Port Hardy

During the summer of 2003 Dad and I spent a week together a small skiff with an outboard motor fishing the archipelago on the North tip of Vancouver Island near Port Hardy.  We had our good fishing days and we had our bad fishing days, however, the most memorable experience from that trip started one foggy morning.  We departed the floating lodge just as we had the preceding, considerably sunnier mornings.  The land faded quickly as we sped out into the cold, drenching fog. Learned from a series of previous fog-fishing calamities just back across the border on the Olympic Peninsula years before, Dad cleverly brought a GPS unit, a relatively new arrival to the commercial market. 

As we disappeared into the grey, monotonous fog Dad’s attention immediately turned downward to his GPS that would guide us to our destination.   The intent was to travel a significant distance to the outer rim of Islands, passing through a series of island chains, in the Canadian Archipelago.   I sat contently in the front seat watching Captain Dad, one hand on the outboard, other firmly on the GPS (along with the full extent of his attention) take us further and further into the grey soup.   After 45minutes to an hour, almost all of which Dad had spent glued to the GPS, faithfully guiding 10-15 miles.  Rarely did his attention stray from the small, yellow electronic to quickly scan the horizon.  Attentive at the bow of the small skiff, I served as our trusty lookout watching for logs, land, or most importantly, fish.

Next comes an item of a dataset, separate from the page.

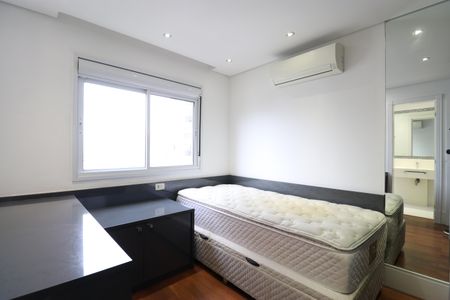 Apartamento para alugar com 168m², 4 quartos e 3 vagasSuíte 1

After 60 minutes of the outboard motor droning along finally a glimpse of land began to emerge from the fog.  As we came closer a structure became distinguishable…and then…as Dad remained glued to his newfangled GPS guiding us to our destination we got a clear look… at the SAME FLOATING LODGEwe had departed from an hour earlier.  At that moment, after a second of confusion be both burst into laughter as it became painfully clear that Dad had zero idea how to work his new GPS and we had spent an hour making a big circle rather than honing in on the outer ring of islands that were our destination.